## Work to be completed
From the line containing "Cactus icons set." through the end of the entries, please repeat every line exactly and nothing more; the pictures do not belong in the copy.

[Data entries]
▶

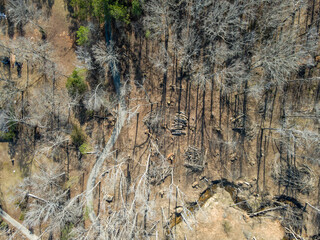 Aerial top down destroyed forest winter after Hurricane Helene damage Appling Augusta Georgia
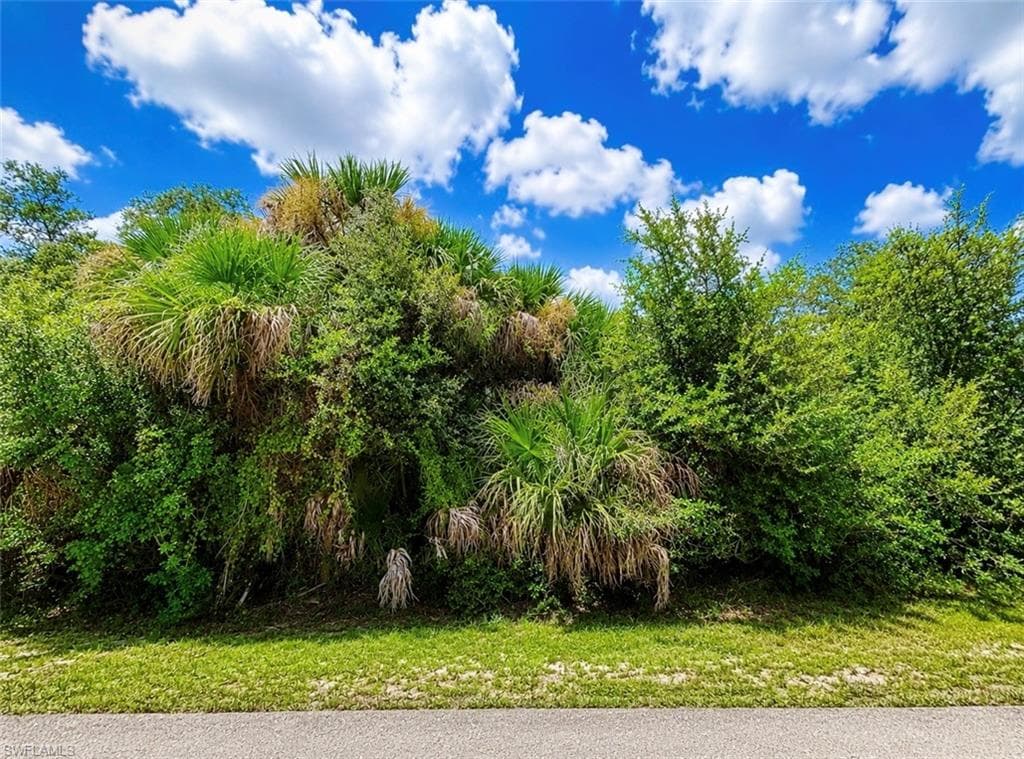1607 Truman AVE LEHIGH ACRES, FL 33972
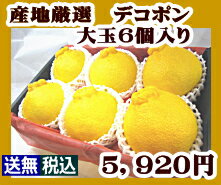 デコポン 大玉 6個入り セット 【送料無料】【あす楽対応】【楽ギフ_包装】【楽ギフ_のし宛書】【楽...:fruits-bomber:10000054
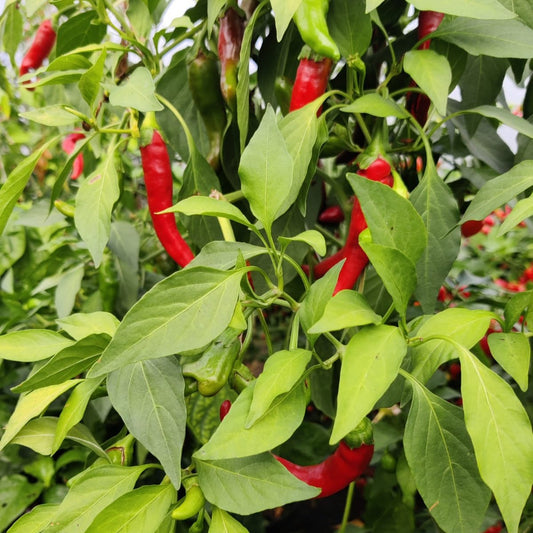 Aji Cacho de Cabra Chilisamen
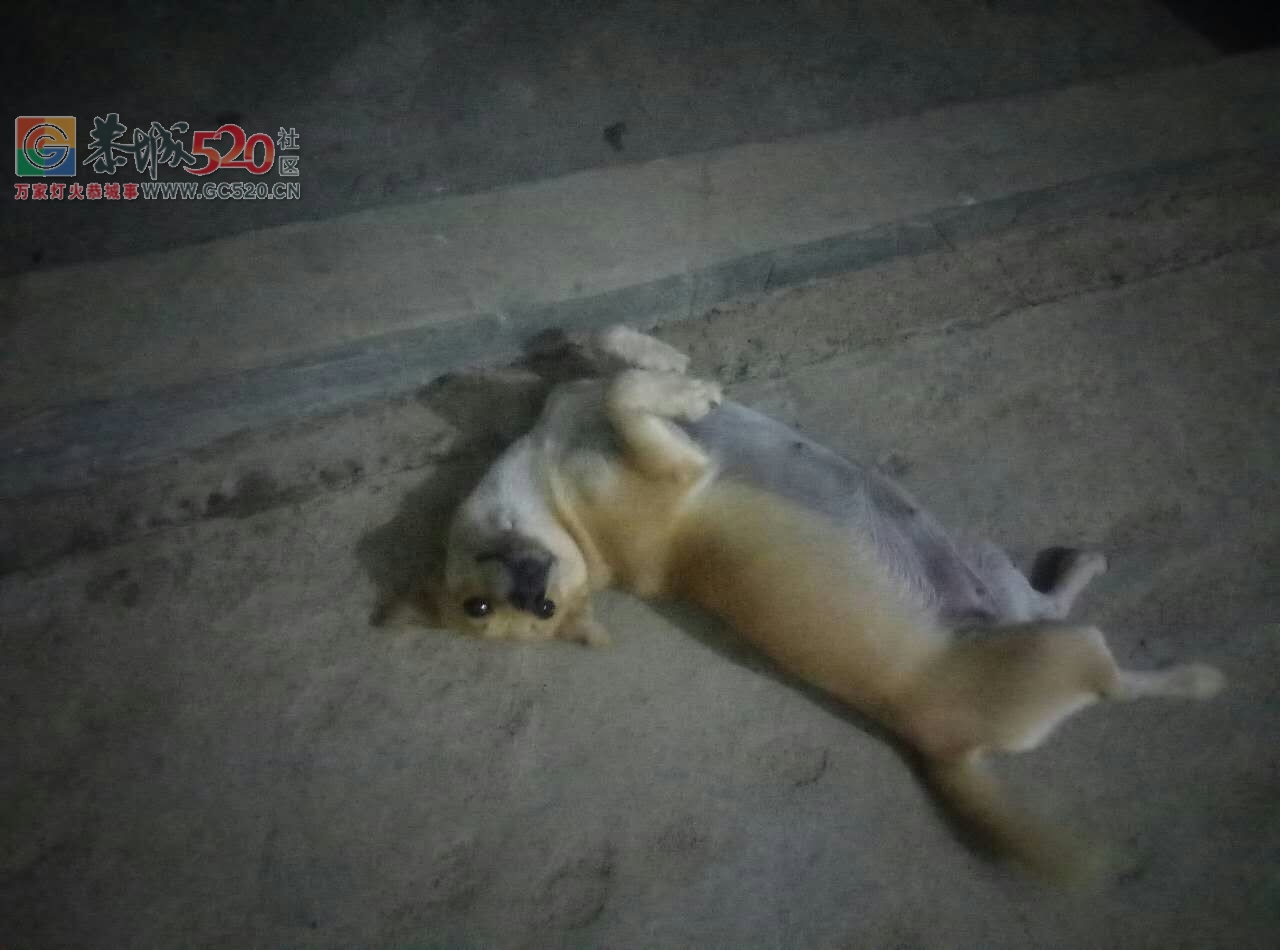 丟失中华田园犬〈土狗)一年三个月大，有身孕四十五天，有见到请告知，有奖金三百元202 / 作者:分类小编 / 帖子ID:236335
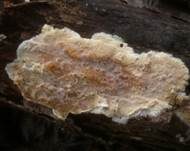 Mottenkugelpilz, Foto 11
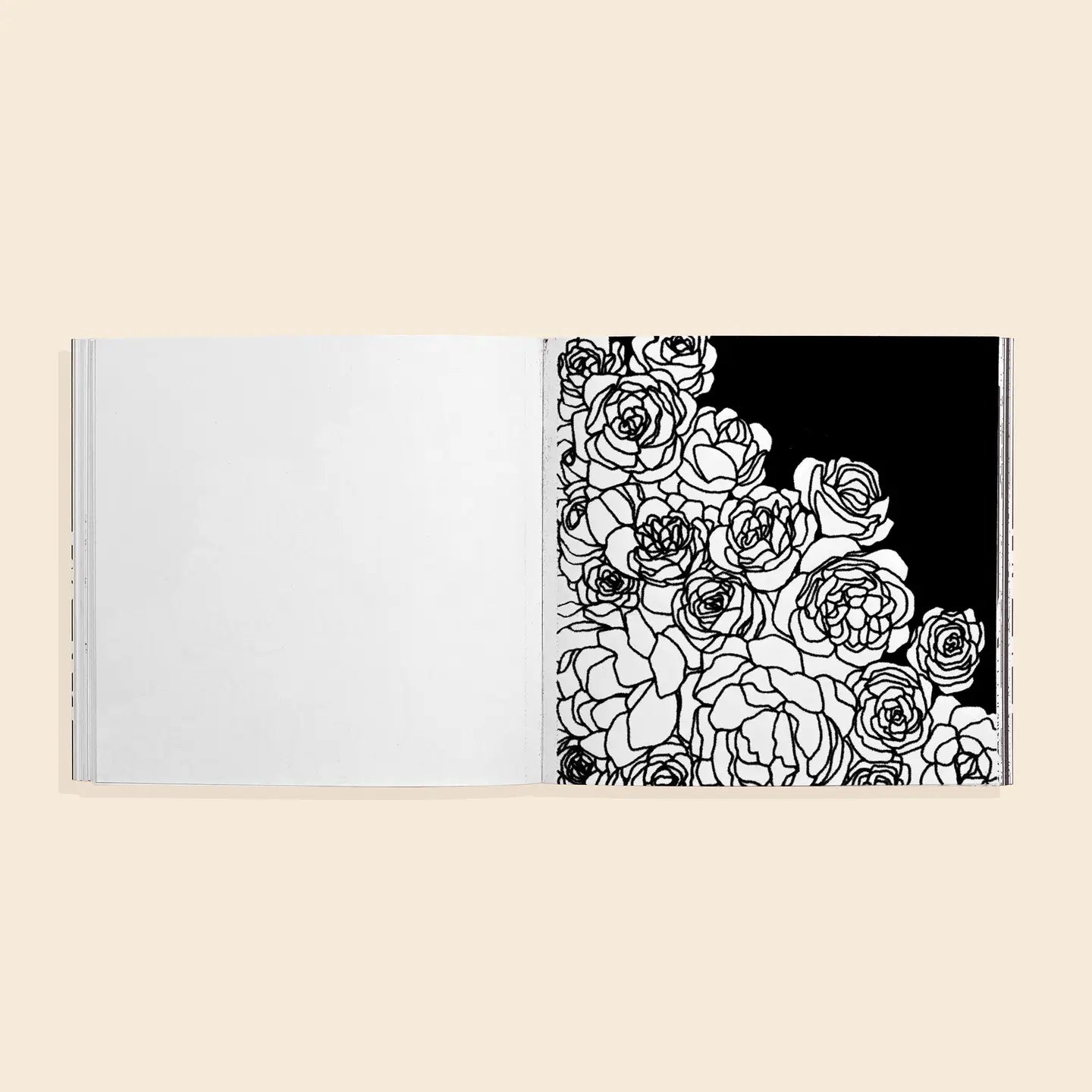 Bloom Coloring Book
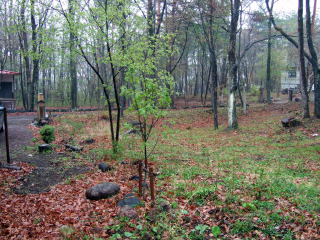 e0088260_0112732.jpg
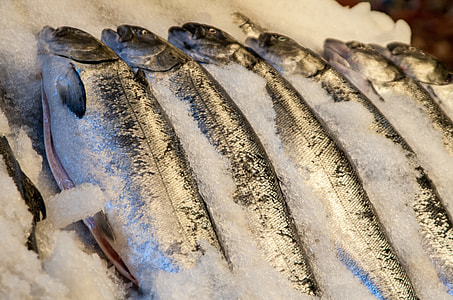 salted salmon fish close-up photo thumbnail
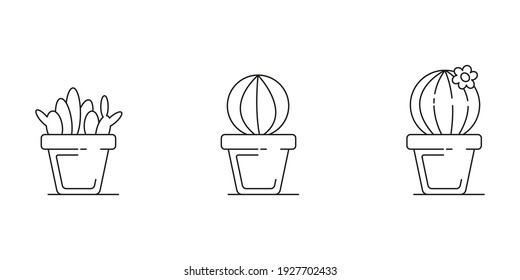 Cactus icons set. Linear drawing. Flowerpot. Vector illustration in flat style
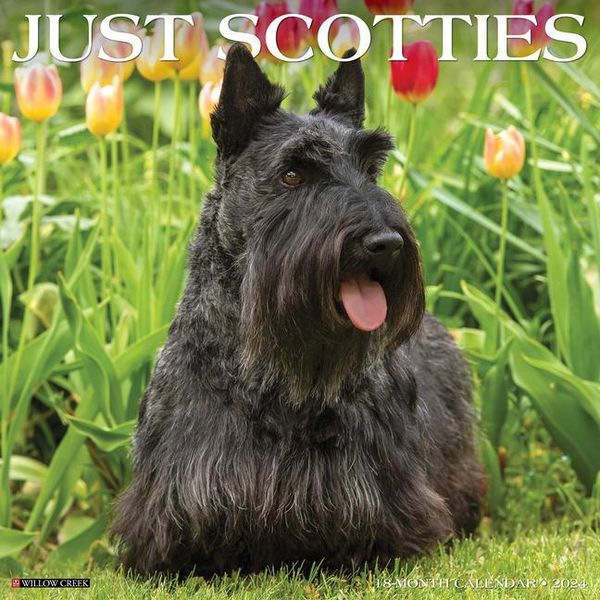 'Just Scotties 2024 12 X 12 Wall Calendar' 'Tierkalender'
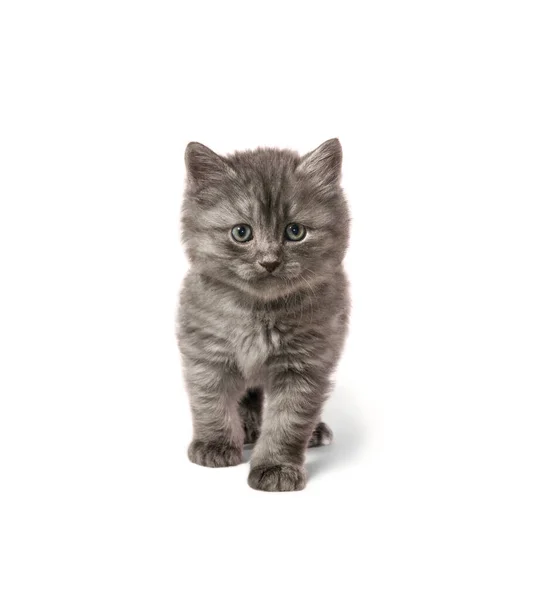 One Young Grey Kitten Walked White Background Isolated — Stock Photo, Image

◀

## Exercise result
 Cactus icons set. Linear drawing. Flowerpot. Vector illustration in flat style
 'Just Scotties 2024 12 X 12 Wall Calendar' 'Tierkalender'
 One Young Grey Kitten Walked White Background Isolated — Stock Photo, Image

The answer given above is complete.